The so-called “Vancouver Group” Summit on January 16 will bring together the 14 countries which waged war against Korea in 1950, plus South Korea and Japan – invited by US Secretary of State Rex Tillerson and Canada’s Foreign Minister Chrystia Freeland, allegedly to seek “a diplomatic solution to the Korean crisis.” The Communist Party of Canada condemns this reunion of warmakers as a further step towards new imperialist military aggression against the Democratic People’s Republic of Korea.
The North American media has portrayed the Vancouver Group Summit as a “reasonable alternative” to Donald Trump’s threat to annihilate the entire population of the DPRK. Such a US attack would be the most shocking war crime in history, violating every international law which bans military aggression against other countries. It would mean the deaths of millions of people across the region, and could easily spark a nuclear exchange threatening the entire planet. Trump’s latest boasts about his “bigger nuclear button” are a warning that the possibility of such a devastating catastrophe is quite real.

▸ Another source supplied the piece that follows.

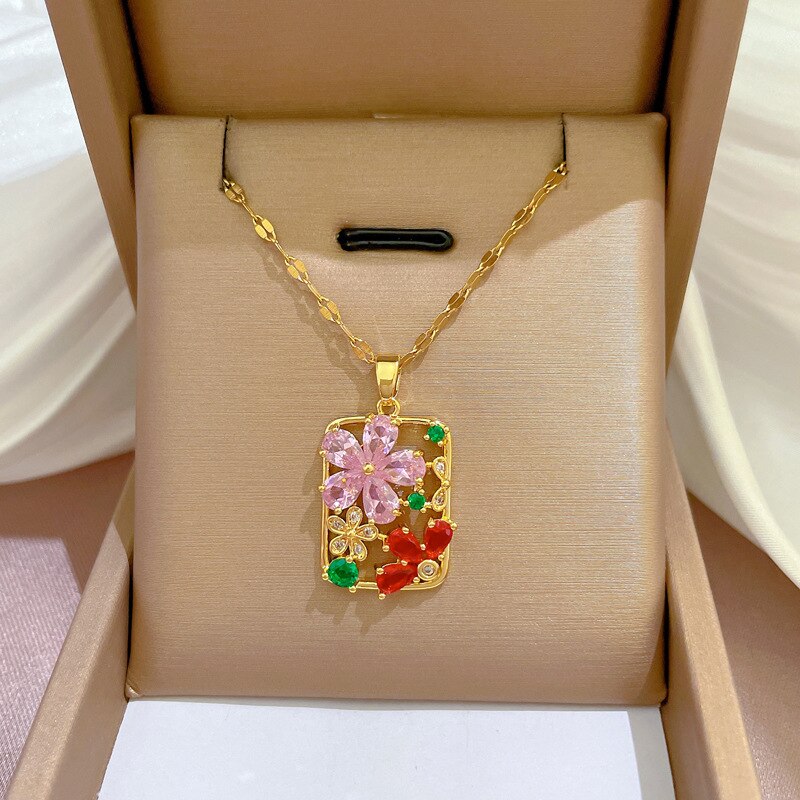 Luxury Design Lady Sunflower Zircon Pendant Necklace for Women Fashion Summer Accessories Wedding Party Jewelry Anniversary Gift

But the Tillerson-Freeland “good cop-bad cop” scenario is not a path away from war. Rather, it is a cover for the ongoing imperialist strategy to bring the people of the DPRK to their knees, by escalating economic and diplomatic sanctions with the aim of forcing their government to end to its nuclear programme. Both approaches are based on the premise that the US has the right to “punish” any country which refuses to accept the dictates of imperialism. Both Trump’s threats of mass murder, and the Tillerson-Freeland strategy, include the continued presence of tens of thousands of US troops at bases and vessels in and around the Korean peninsula, and regular war exercises to remind the DPRK that a new imperialist aggression could be launched at any moment.
The US is the only country to have ever used nuclear weapons in war, and possesses the largest nuclear weapons arsenal in the world. The US continues to develop and promote nuclear weapons technology and is poised to spend an additional $1 trillion on its nuclear arsenal, through its current Nuclear Posture Review. The DPRK, on the other hand, was almost totally destroyed and impoverished by the “Korean War” waged by the US and its allies, a war which artificially divided the peninsula along the 1953 ceasefire demarcation line – for the crime of defending itself against threats of foreign invasion and coup d’état. While the US and NATO maintain a policy of “first use” for nuclear weapons, the DPRK committed to no first use in 2016.
We demand: the US must end its provocations, withdraw its massive military forces in South Korea and east Asia, sign a peace agreement, and allow reunification to proceed on the Korean Peninsula according to the right of the Korean people to self-determination and sovereignty free of external threats and provocations. This remains the only road to long-term peace and security.
As the Vancouver Group Summit nears, we call on the labour and democratic movements, and the peace movement in the first place, to say NO to sanctions and war against the DPRK – and YES to peace, peaceful coexistence, mutual security and to global nuclear disarmament, beginning with the arsenals of the United States and NATO.